/ 6 December 2017

Little Foot: World’s oldest complete skeleton unveiled at Wits

Cameroon's Alexandre Song is sent off for a challenge on Croatia's Mario Mandzukic during their 2014 World Cup match.
Cameroon's Alexandre Song is sent off for a challenge on Croatia's Mario Mandzukic during their 2014 World Cup match.

The world’s oldest complete skeleton — Little Foot—was unveiled at the Wits University Evolutionary Studies Institute on Wednesday, after its discovery by an English Palaeontologist, Professor Ron Clarke, and his South African assistant, Stephen Motsumi, 20 years ago at the Sterkfontein Caves in Gauteng.

The 10m deep discovery of the female Australopithecus Promethius was unveiled by world renowned palaeontologist Professor Ron Clarke, who spent 20 years searching for the remains.

At 3.67 million years old, and with its entire skeleton now excavated from the cave, Little Foot is the oldest species of its kind to be found in Southern Africa and the oldest in the world.

The species belongs in the same zoological hominids group that includes Apes and Homo Sapiens. Little Foot walked upright with legs longer than her arms and hands that are almost identical to humans.

Her name was given by the late Wits Paleontology professor Phillip Tobias, who looked at the initial foot bones and said “oh what a small foot, we should call her Little Foot, hahahaha. It was a joke about Big Foot, the North American Sasquatch,” Clarke told the Mail & Guardian.

Little Foot’s teeth were worn out, an indication that she could have been around 30 years old when she died. She was about one and a half meters tall and her skeleton was found 10 meters underground, Clarke explained. 

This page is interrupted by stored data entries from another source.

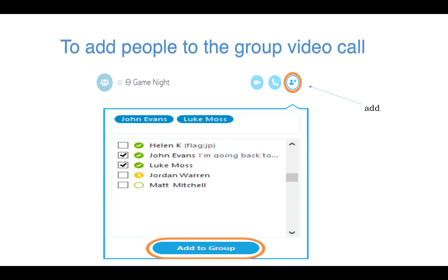Next, click the Add button to add people to the call. Your contact list will then load, and you can check the box for each person you wish to add, and click Add to group.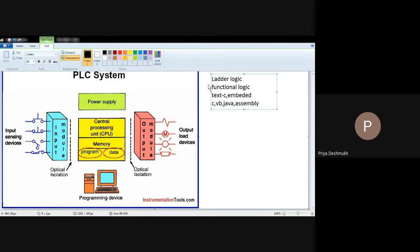It becomes user-friendly, which is a basic advantage of PLC. Also it gives reliable work — you can continuously observe your system and reliable operations can be observed. Maintenance is reduced, manpower is reduced, and security is also increased. So all these are the advantages of PLC.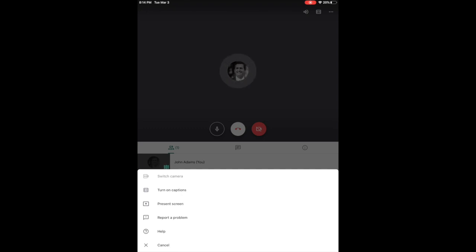I really encourage you to test this out and fool around with it. It's pretty simple in terms of the number of options, but how you use those options and how you conduct your class is something I think you should be talking about with your colleagues in your department and colleagues across departments to see what's working best for them. So that's how you use Google Hangouts Meet on the iPad.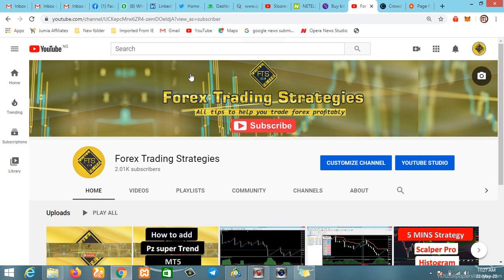Hello guys, welcome to Forest Trading Strategies. If you are new on this channel, kindly subscribe and turn on the notification bell so you can stay notified whenever we have new content. We also have a telegram channel — do not forget to join where we give you timely updates on how you can trade profitably.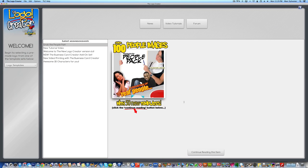Hey, thanks for purchasing the Character Creator Pack by Laughing Bird Software. I wanted to make this quick video to show you exactly where your character elements are going to be found when you launch the Logo Creator.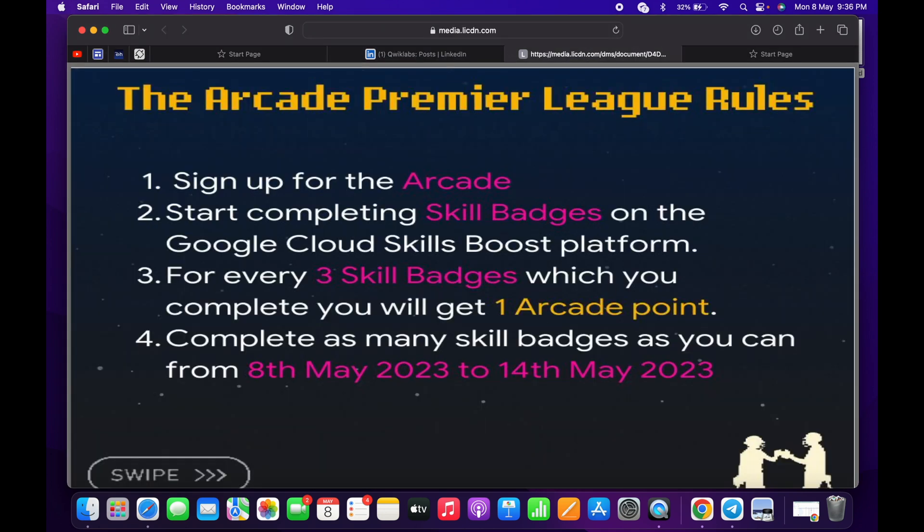First thing, what we have to do is simply sign up for the Arcade. Then we have to start completing the skill badges, and they already mentioned three skill badges equal to one point. But the new thing here is we have to complete as many skill badges in this period of time, like from 8th of May till 14th of May.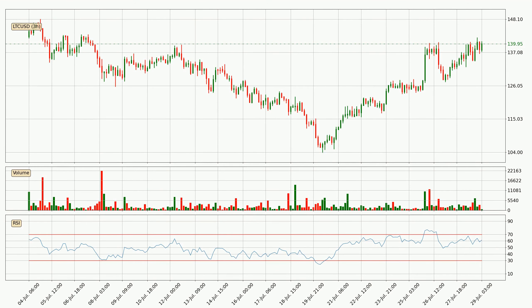Jumping to the three hourly relative strength index, the current three hourly RSI is at 61, so it doesn't show signs of overbought or oversold conditions at this point. On the lookout for divergences in the three hourly time frame, owing to a bearish divergence, the price could go down from now on or at least remain stable for the time being.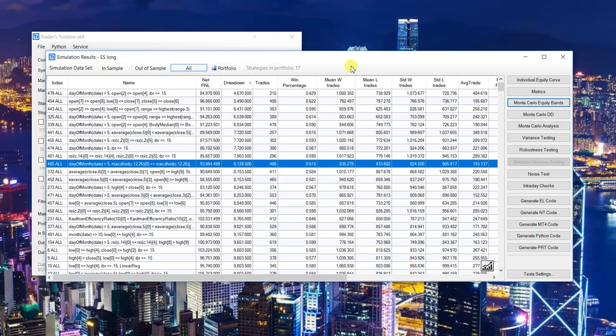Added a bunch of new indicators — not going to get into those here because I have a series of blog posts ready to go for those. And for you intraday guys, Build Alpha now accepts time format in HH:MM, HH:MM:SS, so you can really dig down into intraday granularity.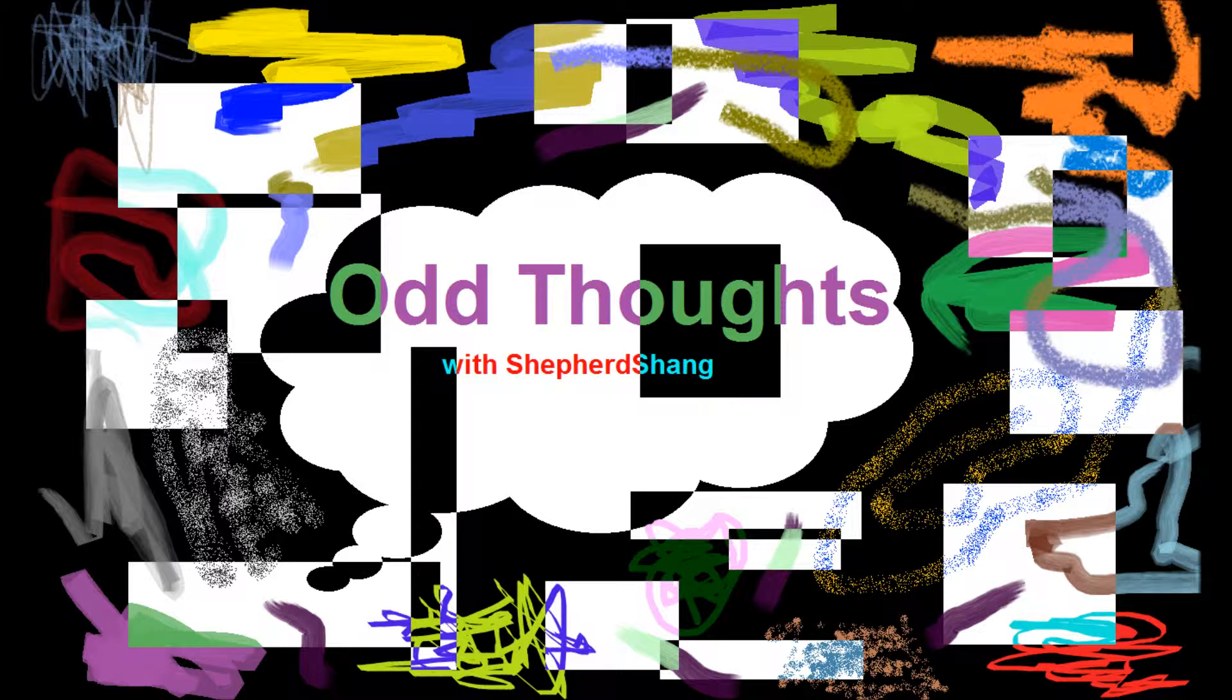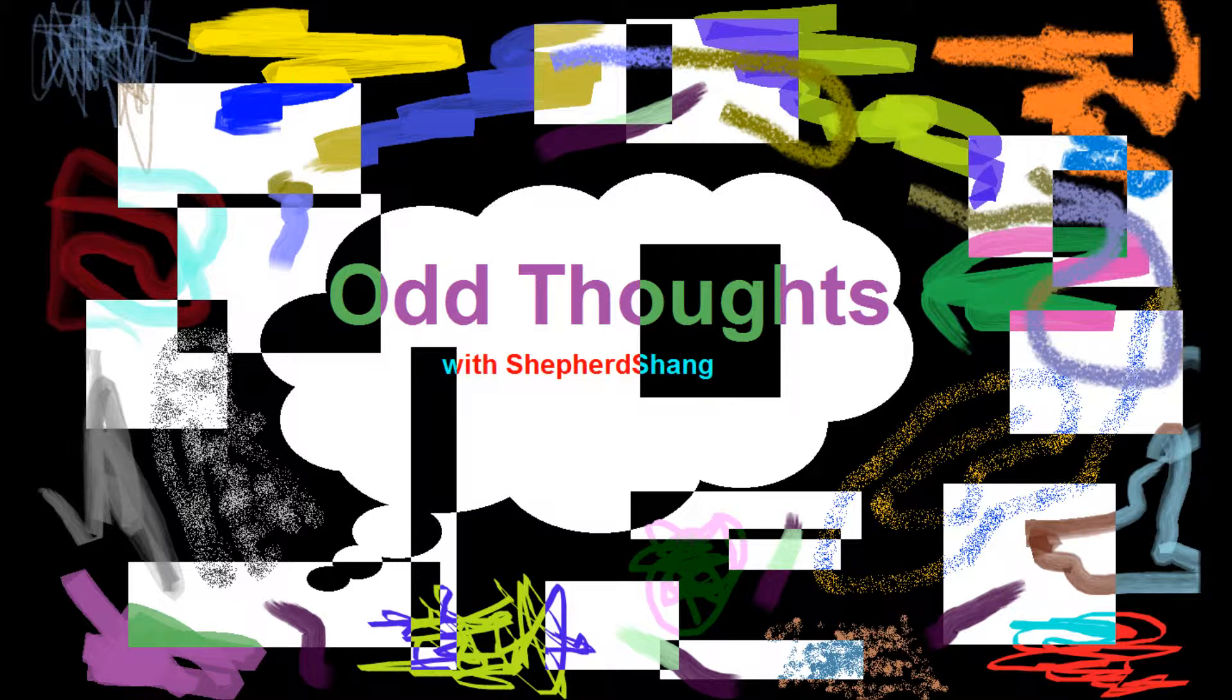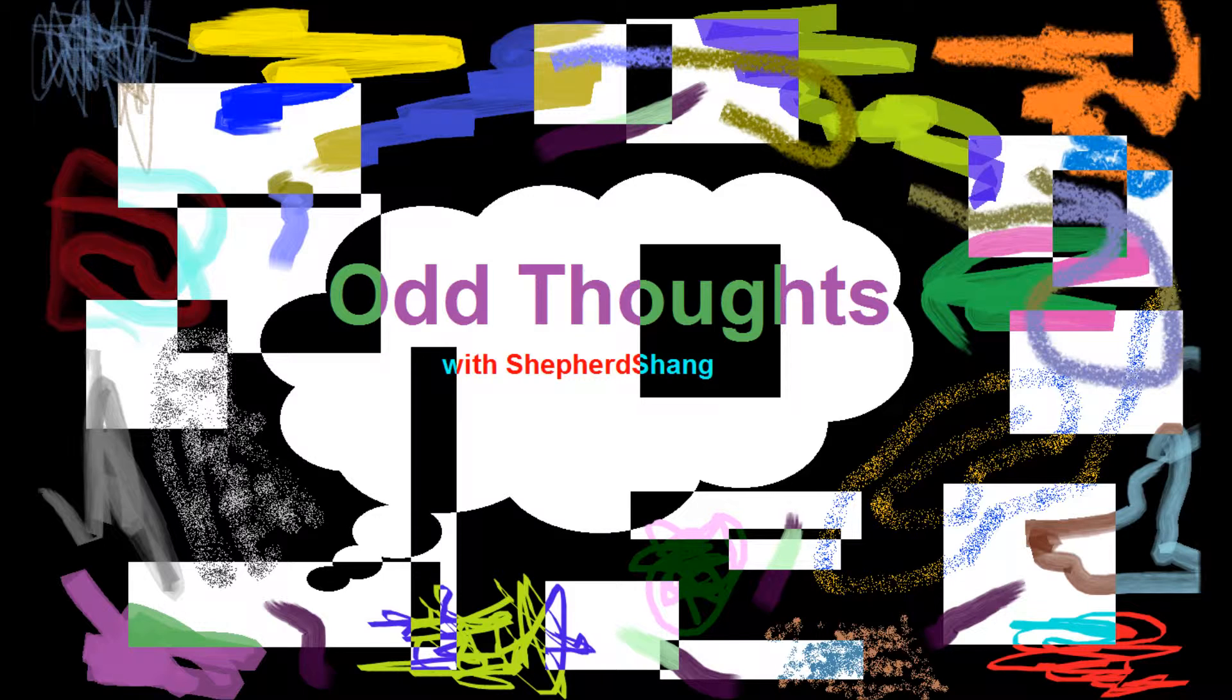You know, it's just something strange. You don't think about it in your life. You don't think about it even sometimes when you're making recordings. And that's why it's an odd thought. So yeah, that's gonna be the first episode of Odd Thoughts with Shepard Chong.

The unveiling was described by Clarke as the culmination of his career, which began at age 16 when he read a book about Paleontology while still living in England.

“This is of course the culminating find of my career, in terms of the greatness of the specimen. But who knows, we may find even more complete skeletons in this cave,” Clarke said at the launch at the institute.

“This was a rare occurrence, normally we’re lucky if we find even part of a skeleton. The chances were remote. Normally when these animals died in the open, they were quickly consumed by scavengers,” he added.

Clarke believes that Little Foot may have fallen into the cave and died, thus explaining the lack of any other similar bones found in the cave.

Little Foot was unveiled in the institute which also houses Homo Naledi, unveiled by professor Lee Burger in 2015, and funded by the Paleontological Sciences Trust (Past).

“I call her a Queen,” Past chairperson Rick Menell said while referring to Little Foot.

“Because she is a mature woman and she’s potentially an ancestor of all of us. She is the most complete and spectacular skeleton ever discovered of that age, which gives her royal status in the scientific community – and we’re in a throne room, surrounded by fossils that are treasures of all humanity,” Menell added.

Officially, Little Foot belongs to all the people of South Africa. It will be kept at Wits University and the department of Science and Technology is its legal custodian.